Thursday 15th July 2020 Day 113
6.30 My alarm rings, I need to be up early today. Any other day I would be awake by now but of course when I actually need to get up, I go straight off to sleep again and wake at seven. I am meeting my friend at Selsey at half past eleven and I need to walk Audrey before I go.
8.35 We are out and walking, the field is full of the largest healthiest looking wild rabbits I’ve ever seen, Audrey has long stopped bothering to chase them and frankly they don’t seem to be fazed by her at all and carry on with their breakfasts.
In the wood I just catch sight of someone up ahead and I think they have one or two dogs possibly on leads so I call Audrey to me, it is a woman with two quite large dogs crossing ahead of us and she calls thank you when she hears me call Audrey, at which point the dogs
start barking and snarling and sounding quite scary, we walk quickly off the other way, I’m glad those dogs are on leads but maybe they would have been less aggressive if they weren’t.
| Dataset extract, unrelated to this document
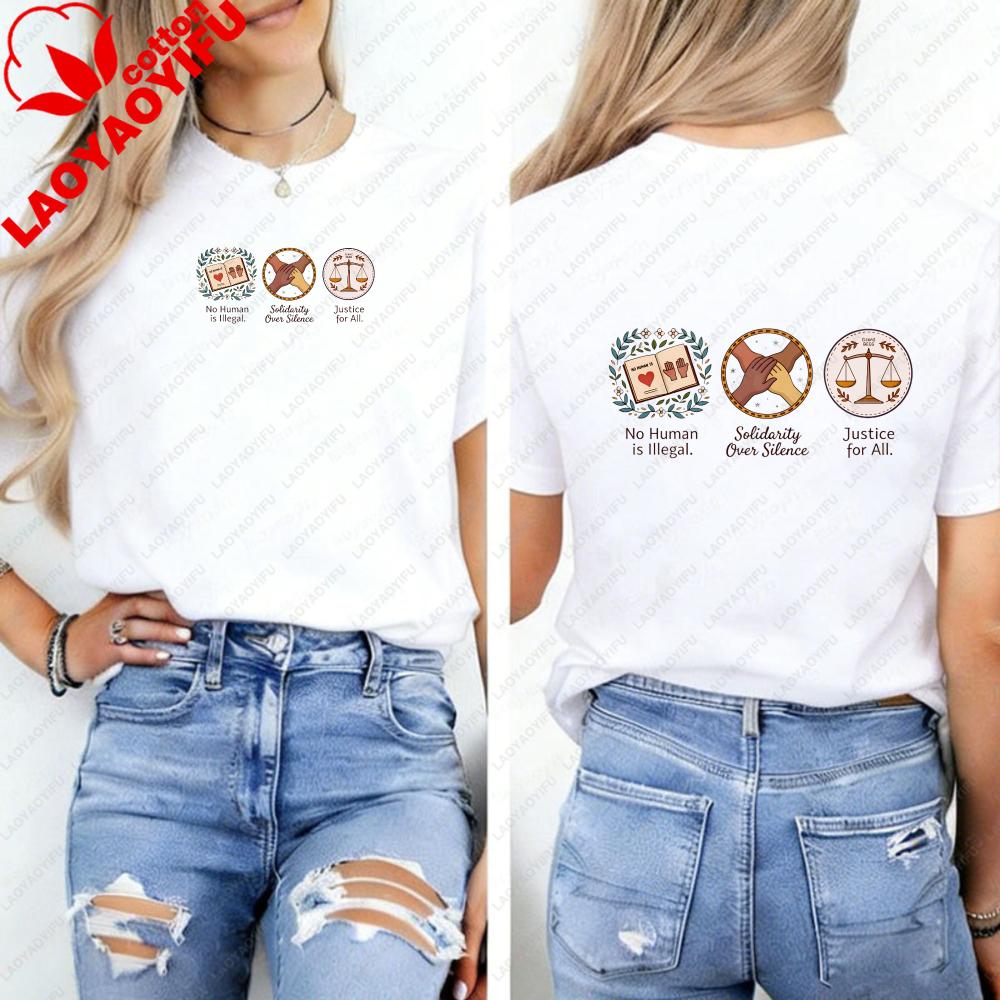 HuUnisex Rechte T-Shirt Gleichheit Soziale Gerechtigkeit Unisex Kleidung Gothic Harajuku Ästhetische Kleidung Y2k Oberteil Hochwertige Baumwolle Oberteile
9.45 I set off for the coast, the coast road west is always nose to tail so I am setting off a bit early and sure enough I soon come to stop start traffic. The volume of traffic is just as it used to be pre Covid which I do find a bit surprising. Where are all these people going?
12.00 It’s funny, obviously the sea at Selsey is the same English Channel that comes to shore in Pevensey and Normans Bay and yet as you go west it seems to get bluer and prettier. There is sand here and not so many people, I am quite tempted to swim but am put off by the cool breeze coming off the sea so I paddle instead and it really isn’t that cold. We sit on the beach and get up to date with each other’s lives which doesn’t take too long as there isn’t too much to say about being at home mostly but it is a very pleasant hour or two.
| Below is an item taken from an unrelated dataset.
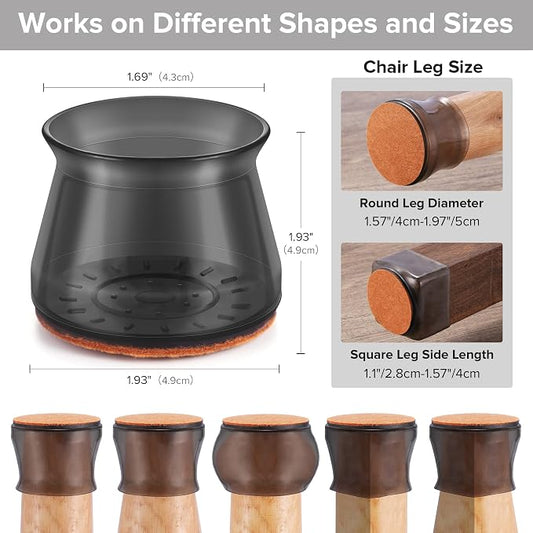 24PCS Upgraded Silicone Chair Leg Floor Protectors - Image 2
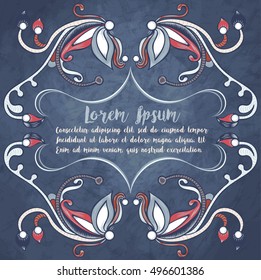 A square background with a floral frame. Vintage style. Hand drawn element. Place for text. Card for wedding invitations, birthday, thank you message. Elegant decor. Vector illustration, eps10.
On the way home I remember I have a form to fill in and get posted off. It’s just general personal details and includes ‘occupation’. I am reminded of when I was at work and new patients to the surgery would fill forms in with their details. The majority of over 65’s would just write ‘Retired’ in the occupation box. I always thought that was quite sad, for one thing there must have been a reason for the question, maybe a robber or a body snatcher wasn’t quite the sort of person we needed as a patient and for another thing, to cast away whatever you had been doing to earn a living over the past thirty or forty years with such a banal word as Retired, seems a shame. Retired what? I think I might write ‘Living’ in that box.